After a failed first attempt to create an alliance between Maersk, MSC and CMA-CGM, this resulted from not obtaining authorization from competition regulators from various economic institutions. Then in 2015, Maersk and MSC created the 2M Alliance with the aim of guaranteeing competitive and profitable operations on Asia-Europe routes. Two years later COSCO Shipping, OOCL, CMA-CGM and Evergreen launched Ocean Alliance whose duration has been stipulated until 2027. In that same very year, THE Alliance was created between Hapag-Lloyd, ONE and Yang Ming. In 2020, its market share increased from 25% to 30% due to the incorporation of the South Korean shipping company HHM.
Shipping companies that are part of an alliance can not only offer a greater range of services but also more competitive pricing that other companies in the supply chain can take advantage of. Initially, both for freight forwarders and end customers, ocean alliances are an advantage in maritime logistics.
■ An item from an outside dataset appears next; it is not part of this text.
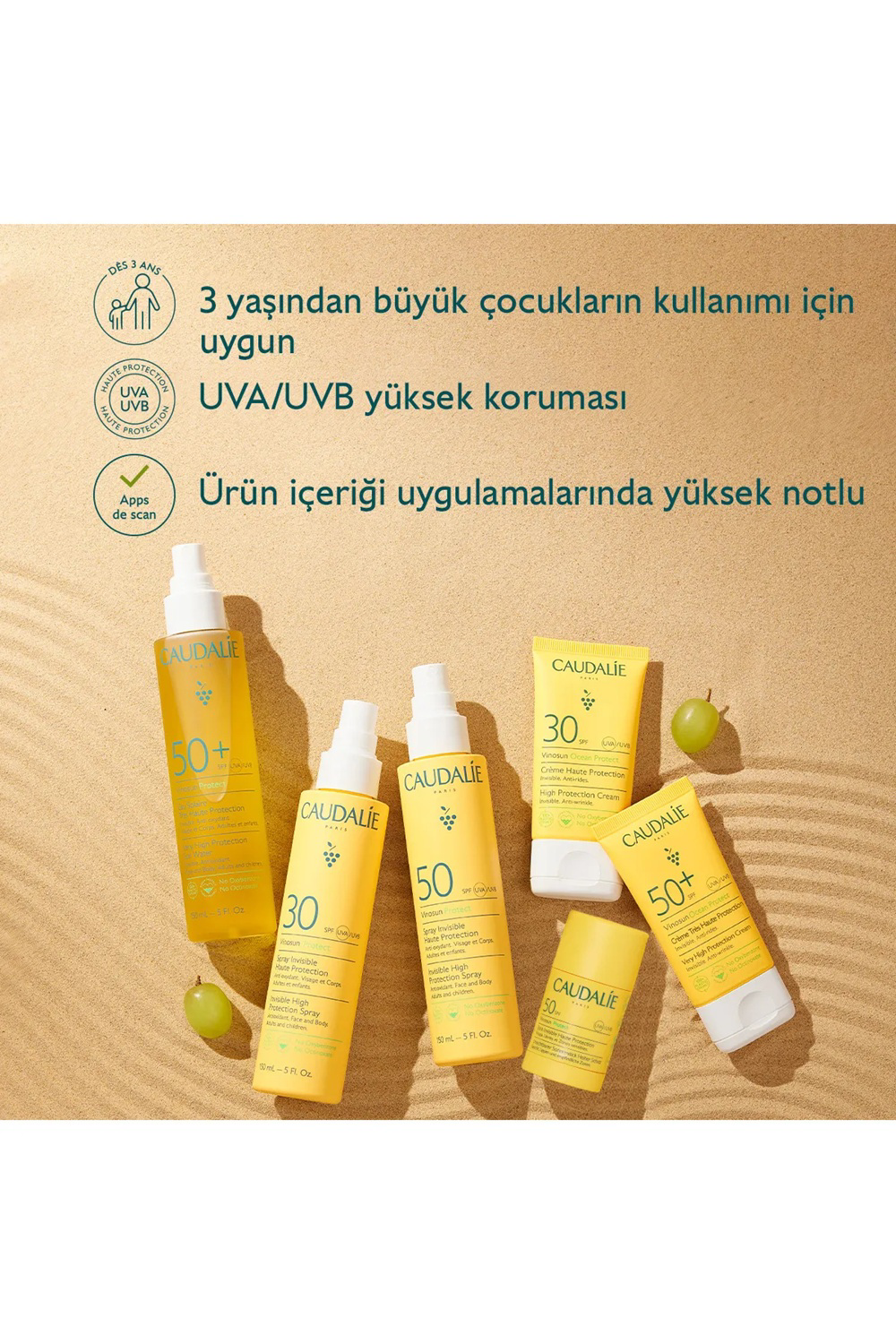 Caudalie  Vinosun Protect İz Birakmayan Stick Güneş Kremi Spf50 15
The reasons for the breakup
But why did MSC and Maersk stop collaborating? It is difficult to answer this question: According to some market analysts, one reason is that MSC could become a threat to Maersk. For others, the alliance with Maersk is a hindrance to MSC’s growth strategy. The CEOs of Maersk, Vincent Clerc, and MSC, Soren Toft, have stressed in a statement that “a lot has changed in the market since they signed the ten-year agreement in 2015” and “interrupting the 2M alliance paves the way for both companies to continue pursuing their individual strategies.”
The two companies have evolved very differently in recent years. Whilst MSC today is the largest container shipbuilder in the world and is consolidating as a maritime operator per se, Maersk is committed to an inclusive transport model covering all levels of the supply chain for its clients. Vincent Clerc, CEO of Maersk recently explained: “The future for us is not to have our ocean division as a separate business from logistics, but to have our maritime business fully integrated into our logistics business. To achieve this, we need to have a much higher level of operational control with the service we provide to customers.”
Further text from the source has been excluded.